Frears raconte l’amitié entre Victoria et son serviteur indien

(Keystone-ATS) Le réalisateur Stephen Frears conte l’histoire de l’amitié méconnue et indéfectible entre un Indien, roturier et musulman, et la reine Victoria dans « Victoria & Abdul ». Ce film à la fois drôle et sensible a été présenté dimanche hors compétition à la Mostra de Venise.
L’histoire « tirée de faits réels… pour l’essentiel » débute en 1887 au château de Windsor lors des célébrations des 50 ans de règne de Victoria (alors âgée de 68 ans) interprétée par une magistrale Judi Dench. La distribution compte plusieurs grands comédiens du cinéma britannique comme Michael Gambon, Simon Callow et Timothy Pigott-Smith décédé en avril, et auquel le film est dédié.
Quand le regard du jeune serviteur « importé » des Indes Abdul Karim, incarné par la star bollywoodienne Ali Fazal, ose croiser celui de Victoria, toute la cour d’Angleterre est scandalisée.
A la manière candide des « Lettres Persanes » de Montesquieu, Abdul et son acolyte Mohammed s’adonnent à des commentaires cocasses sur les moeurs « tout à fait barbares » du pouvoir colonial qui « exploite un quart du genre humain ».
Relation complexe
Veuve depuis peu, isolée par le pouvoir, entourée de courtisans qui l’ennuient, Victoria est aussitôt séduite par la beauté et l’exotisme du jeune homme, et décide d’en faire son « munchi », professeur de langue ourdou.
Leur relation est-elle de l’amour? « L’attitude de la reine Victoria est complexe.
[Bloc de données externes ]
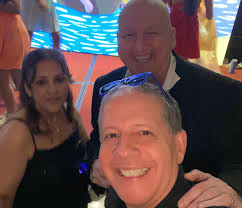 Noche familiar celebrando los 15 años de mis ahíjados @itsmiadlg y  @itsroccodlg Digamos que fue una buena fiesta, jeje. A seguirla  @karenzamoras y @gasdelaguardia con estas 2 maravillosas personas que  apenas están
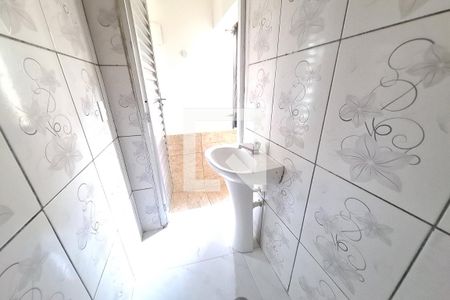 Banheiro de casa de condomínio para alugar com 1 quarto, 30m² em Vila Tolstoi, São Paulo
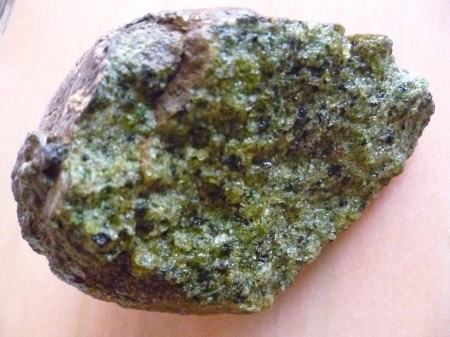 Olivinbombe mit Peridotkristallen2.JPG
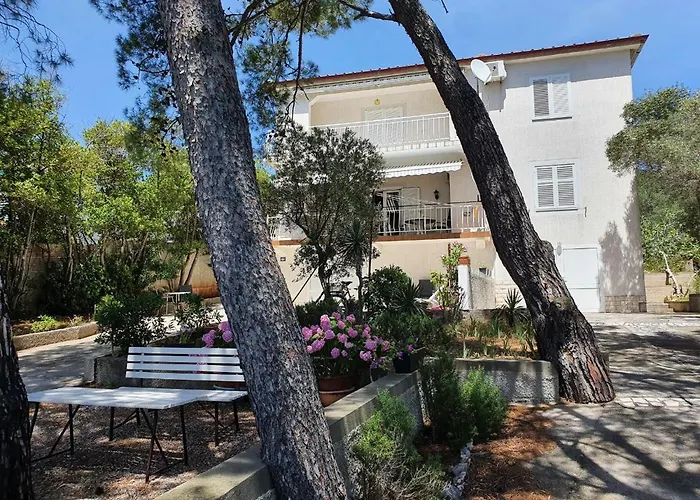Sidus Maris, Spacious Seaside With Free Parking * Мартиншчица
Il ne s’agit pas juste d’un sentiment amoureux qu’elle éprouve, mais du bonheur de se sentir détendue avec quelqu’un, d’apprendre auprès de lui », a déclaré dimanche à la presse Judi Dench.
« C’est un besoin qu’elle a éprouvé une grande partie de sa vie. Après Albert (son défunt mari), John Brown (l’homme qui lui a redonné goût à la vie) puis Abdul ont été là pour lui procurer ce sentiment », a ajouté l’actrice de 82 ans.
Pour les besoins du rôle, elle a dû porter des robes immenses semblables à celles que portait la souveraine, devenue obèse pendant les dernières années de son règne. « Victoria faisait 115 de tour de taille, elle n’arrêtait pas de manger après la mort d’Albert. Les vêtements que vous portez conditionnent la façon dont vous jouez », a-t-elle souligné.
Intimité exceptionnelle
« Je ne connaissais pas l’histoire de la reine Victoria et d’Abdul, ni l’affection qu’elle portait à son serviteur indien », a pour sa part déclaré Stephen Frears. « J’ai dit que je n’aurais réalisé ce film qu’avec Judi Dench et, par chance, elle a accepté », a ajouté le cinéaste britannique de 76 ans.
A la stupéfaction générale, Abdul partage peu à peu avec la souveraine une intimité exceptionnelle qui durera jusqu’à son décès en 1901. Il la rassure et la fait rêver en lui parlant de ses Indes lointaines dont est elle est l’impératrice.
Adapté et scénarisé par Lee Hall (« Billy Elliot ») d’après « Victoria & Abdul », le récit de Shrabani Absu, journaliste et historienne britannique, a été publié en 2010 en Angleterre.
A travers cette histoire de la fin du XIXe siècle, Stephen Frears évoque des sujets tels que le multiculturalisme, les classes sociales et le racisme qui résonnent encore aujourd’hui.